The problem is Stage3D

And more precisely, the problem is Stage3D being a very low-level API.

A low-level API offers a lot of freedom, and you have to give credit to Adobe for creating an efficient abstraction of DirectX, OpenGL and OpenGL ES.

However, this freedom imposes a much bigger pressure on the scripting side – and that’s where AS3 falls short, mostly because it requires a lot of numeric computations.

Competitive analysis

Let’s look at Haxe NME – the Haxe language is close to AS3, cross-compiled to C++, using doubles for maths like AS3, so the resulting executable shouldn’t be meaningfully faster than AS3 AOT on iOS.

However 2D benchmarks tell a different story: CPU usage is a lot lower and framerate (generally) a lot higher for identical scenes.

The difference? It’s the API!

The closest API to Stage3D in NME is drawTriangles. As with Stage3D you must provide the complete geometry; it’s GPU accelerated, flexible, but it’s far from being the fastest option.

NME’s secret is that instead of having to do all the computations in Haxe, you can use:

  • a Tilesheet object holding rectangles definitions (ie.
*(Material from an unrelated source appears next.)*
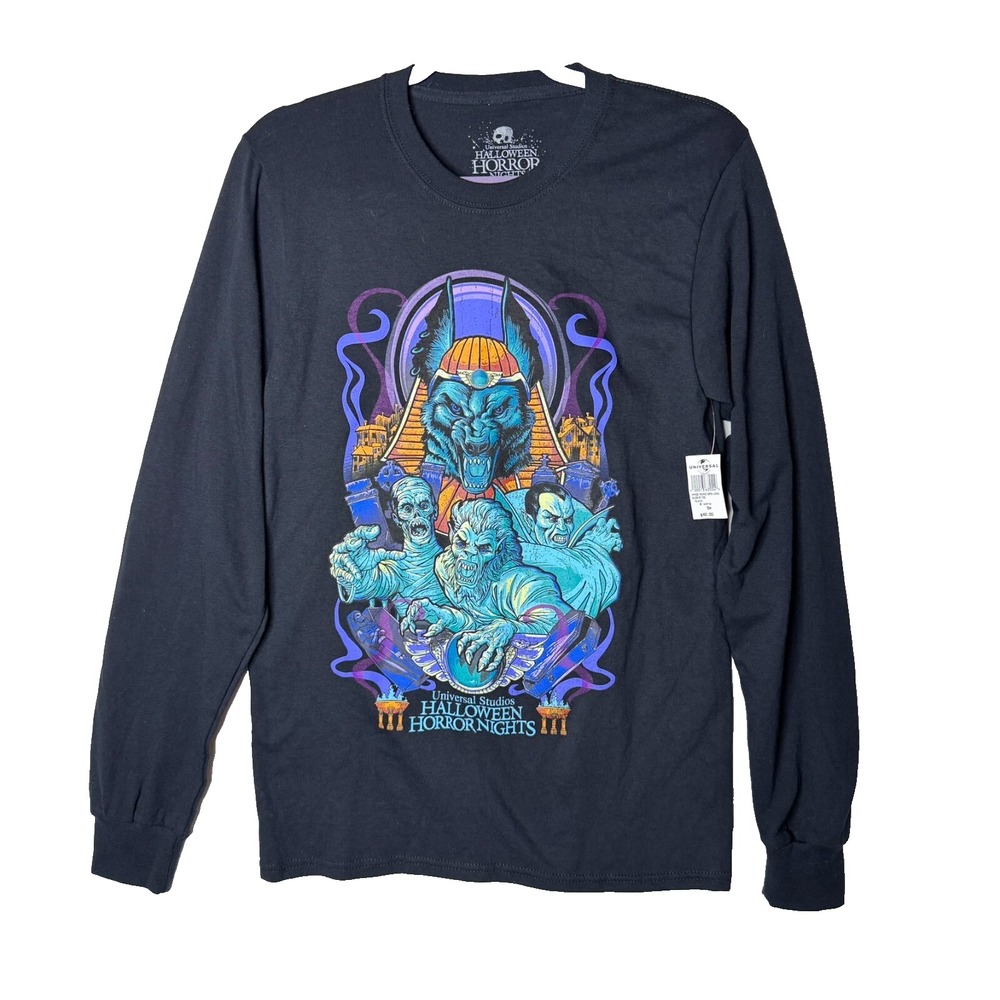Universal Studios NEW Halloween HHN 2022 Shirt Sz S Monsters Horror Long‎ Sleeve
UVs,size,pivot) for a Spritesheet,
  • and the drawTiles method wich only requires a list of (x,y,rect_id,scale,rotation) or (x,y,rect_id,2x2_matrix).
  • These datas are passed to the runtime which does all the computations using optimized C++ maths.

The result: no double bottleneck.

Conclusion: we want drawTiles in AS3

In addition to IndexBuffer3D + VertexBuffer3D, I’m calling Adobe for the addition of a Tilesheet + TileBuffer3D which would expose a similar API to generate geometry more efficiently.

And although the quads are generated in 2D, it still goes through vertex shaders so there’s no reason it should be limited to flat 2D rendering, but anything that needs to animate quads or triangles (“mmmh, particles!”).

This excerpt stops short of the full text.